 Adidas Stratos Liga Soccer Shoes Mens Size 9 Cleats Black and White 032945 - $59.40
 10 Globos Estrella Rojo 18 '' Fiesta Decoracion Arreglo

______

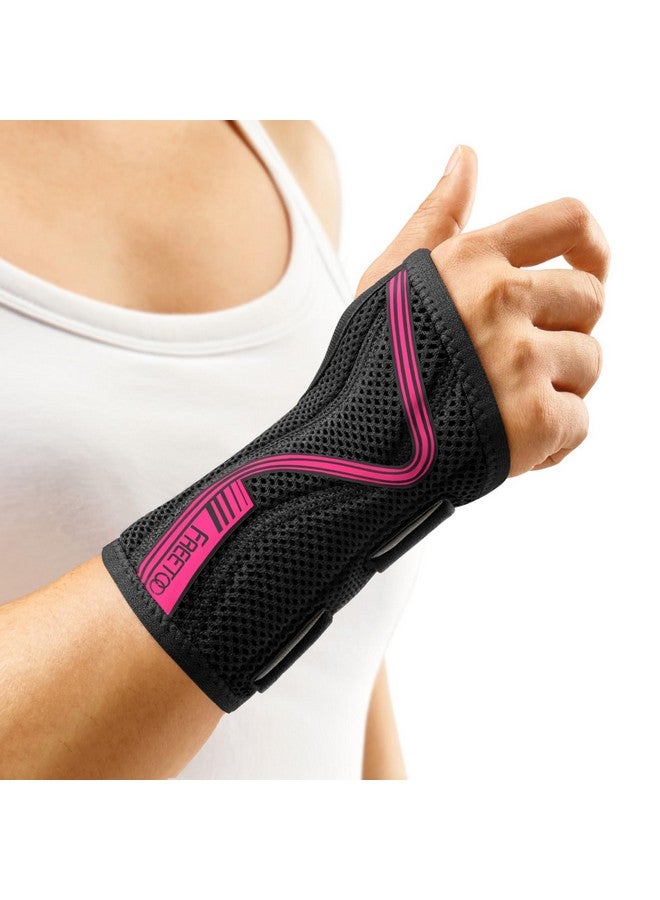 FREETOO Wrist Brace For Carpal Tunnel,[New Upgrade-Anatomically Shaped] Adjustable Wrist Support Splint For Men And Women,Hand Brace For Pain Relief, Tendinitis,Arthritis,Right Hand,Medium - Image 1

______

### WHAT THE EXERCISE ASKS
Within the material above, transcribe exactly the lines that run from the line holding "Adidas Stratos Liga" through the line holding "10 Globos Estrella".

### REPLY
 Adidas Stratos Liga Soccer Shoes Mens Size 9 Cleats Black and White 032945 - $59.40
 10 Globos Estrella Rojo 18 '' Fiesta Decoracion Arreglo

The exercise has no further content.